_TASK TO COMPLETE_
Print each line exactly, from the one with "Volkswagen Jetta Sport" to the very last line of the listing, and keep the pictures out.

_INPUT MATERIAL_
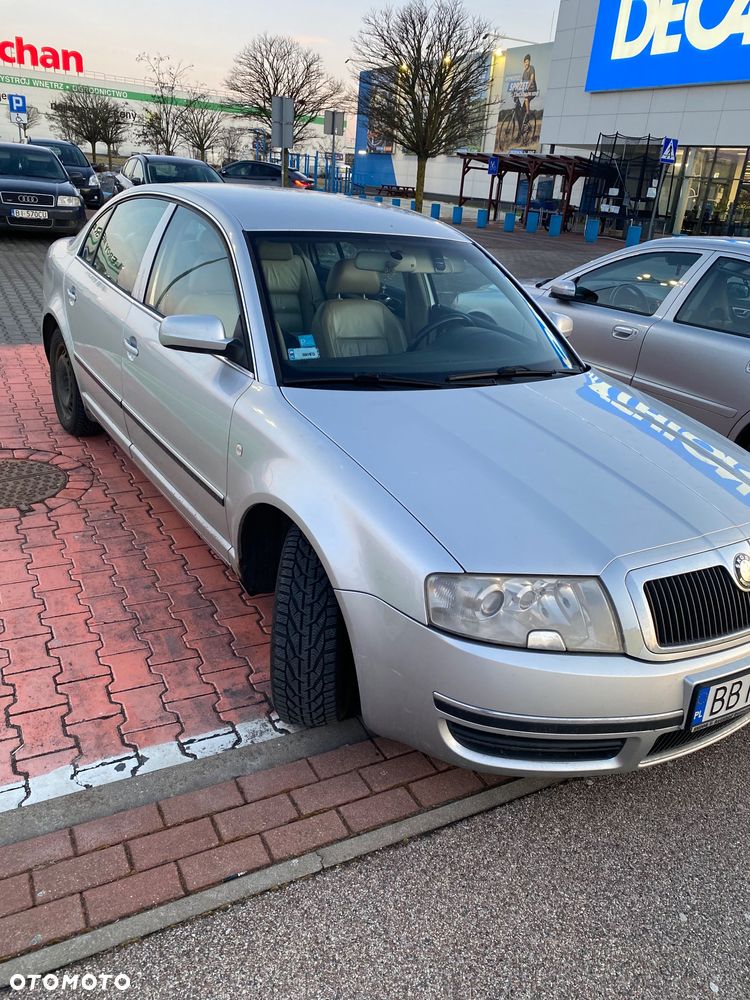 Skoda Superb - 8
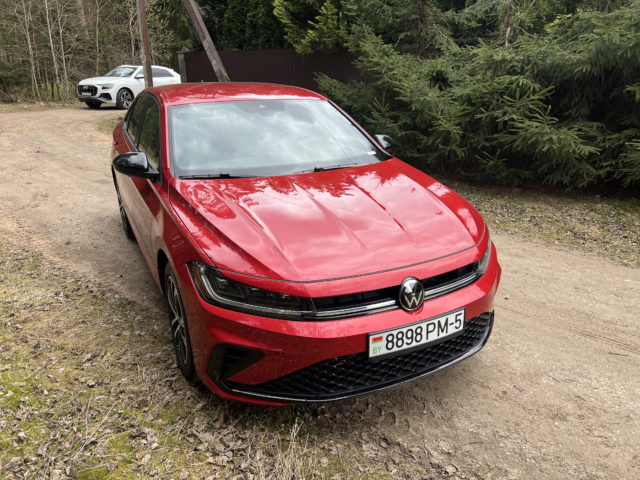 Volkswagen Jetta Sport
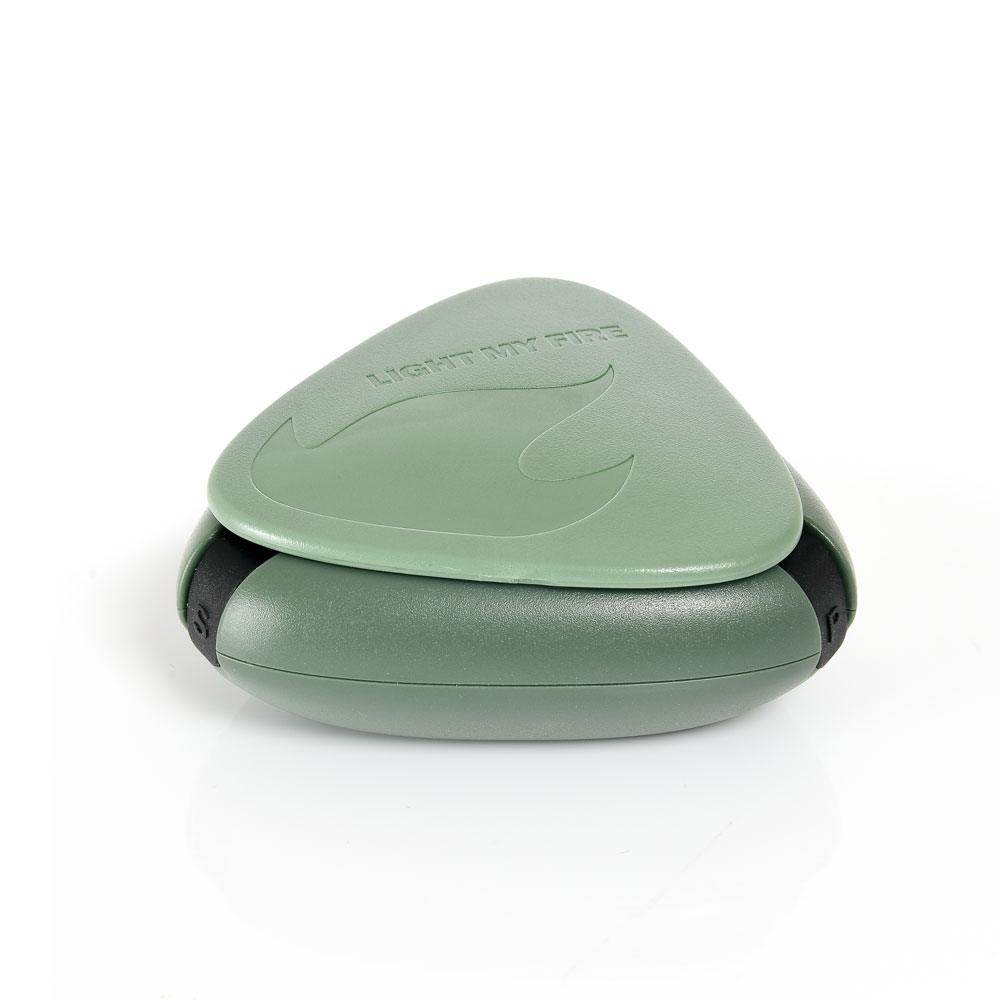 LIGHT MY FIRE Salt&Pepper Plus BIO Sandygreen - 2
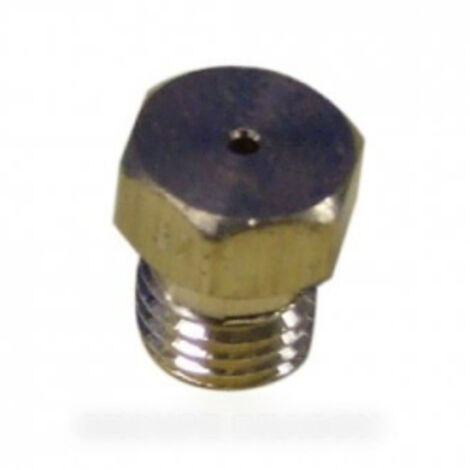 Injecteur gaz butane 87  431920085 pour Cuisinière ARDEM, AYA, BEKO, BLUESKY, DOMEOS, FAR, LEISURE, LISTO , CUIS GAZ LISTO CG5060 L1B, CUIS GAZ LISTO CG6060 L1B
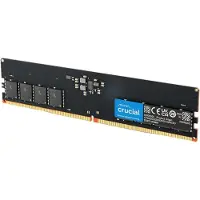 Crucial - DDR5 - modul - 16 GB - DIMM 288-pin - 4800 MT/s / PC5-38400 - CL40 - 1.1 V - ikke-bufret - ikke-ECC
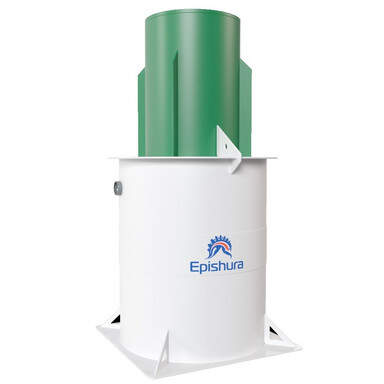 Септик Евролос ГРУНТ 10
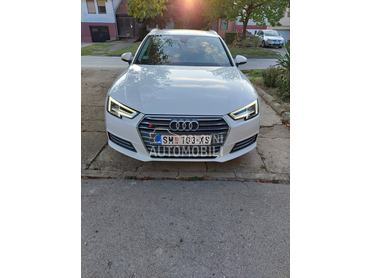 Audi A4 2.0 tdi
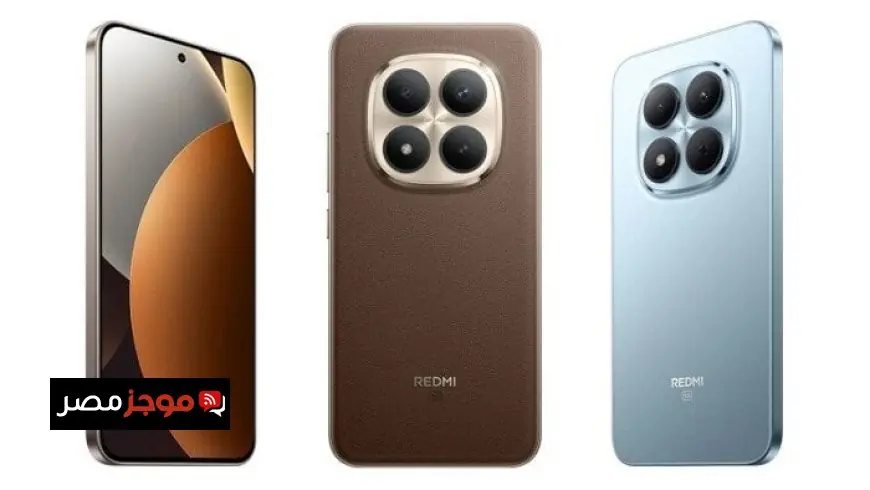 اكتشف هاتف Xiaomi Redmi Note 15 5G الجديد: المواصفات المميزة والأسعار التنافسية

_ANSWER FOR THIS EXERCISE_
 Volkswagen Jetta Sport
 LIGHT MY FIRE Salt&Pepper Plus BIO Sandygreen - 2
 Injecteur gaz butane 87  431920085 pour Cuisinière ARDEM, AYA, BEKO, BLUESKY, DOMEOS, FAR, LEISURE, LISTO , CUIS GAZ LISTO CG5060 L1B, CUIS GAZ LISTO CG6060 L1B
 Crucial - DDR5 - modul - 16 GB - DIMM 288-pin - 4800 MT/s / PC5-38400 - CL40 - 1.1 V - ikke-bufret - ikke-ECC
 Септик Евролос ГРУНТ 10
 Audi A4 2.0 tdi
 اكتشف هاتف Xiaomi Redmi Note 15 5G الجديد: المواصفات المميزة والأسعار التنافسية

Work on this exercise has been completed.